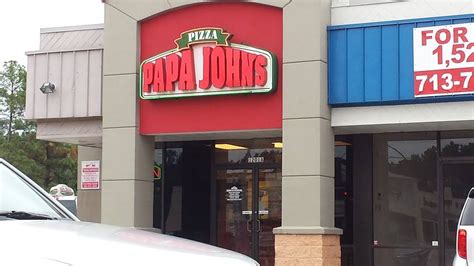 Papa johns conroe - Papa John’s is one of the largest pizza chains in the world, with over 5,000 locations in 45 countries. But it all started with a small pizza shop in Jeffersonville, Indiana. In th...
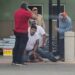 Detenido enfrenta tres cargos por disparo en supermercado de Uvalde.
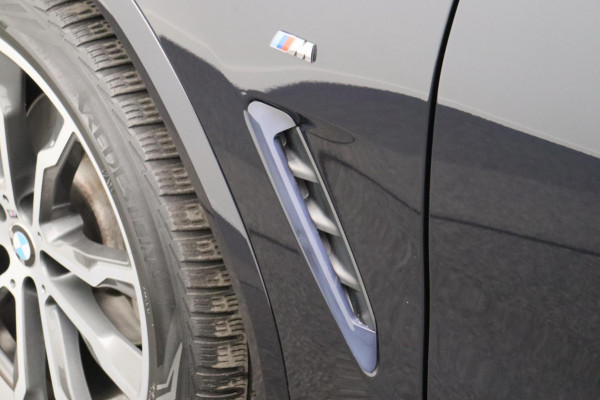 BMW X3 XDrive20i High Executive M-Pakket Panoramadak Trekhaak Leder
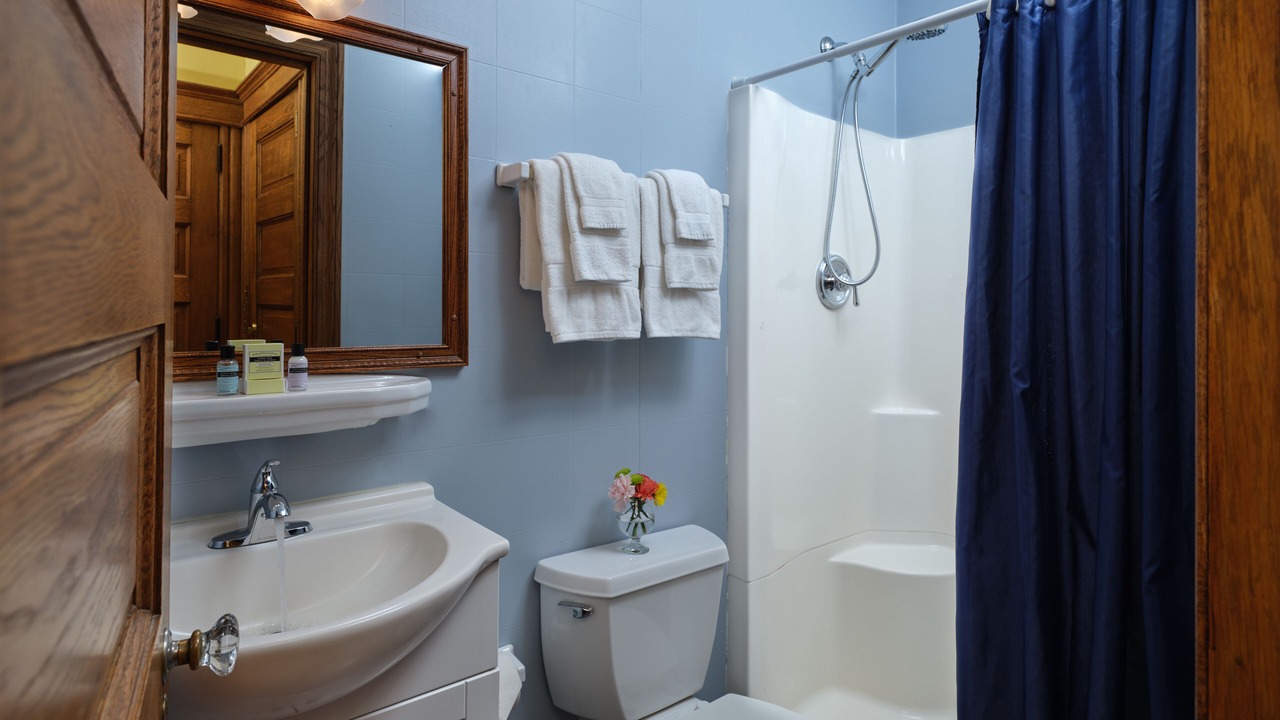 Photo of Bathroom in Gettysburg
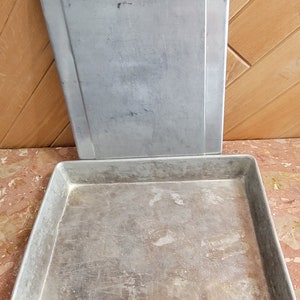 Vintage 9 X 13 Aluminum Baking Pan W LID, Covered Cake Pan, Lasagna Pan  With Top, Secure Slide on Lid, Farmhouse Kitchen,craft Storage As-is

## Exercise aim
Your answer must be the full listing, reproduced word for word, without its pictures.

## Worked solution
 Papa johns conroe - Papa John’s is one of the largest pizza chains in the world, with over 5,000 locations in 45 countries. But it all started with a small pizza shop in Jeffersonville, Indiana. In th...
 Detenido enfrenta tres cargos por disparo en supermercado de Uvalde.
 BMW X3 XDrive20i High Executive M-Pakket Panoramadak Trekhaak Leder
 Photo of Bathroom in Gettysburg
 Vintage 9 X 13 Aluminum Baking Pan W LID, Covered Cake Pan, Lasagna Pan  With Top, Secure Slide on Lid, Farmhouse Kitchen,craft Storage As-is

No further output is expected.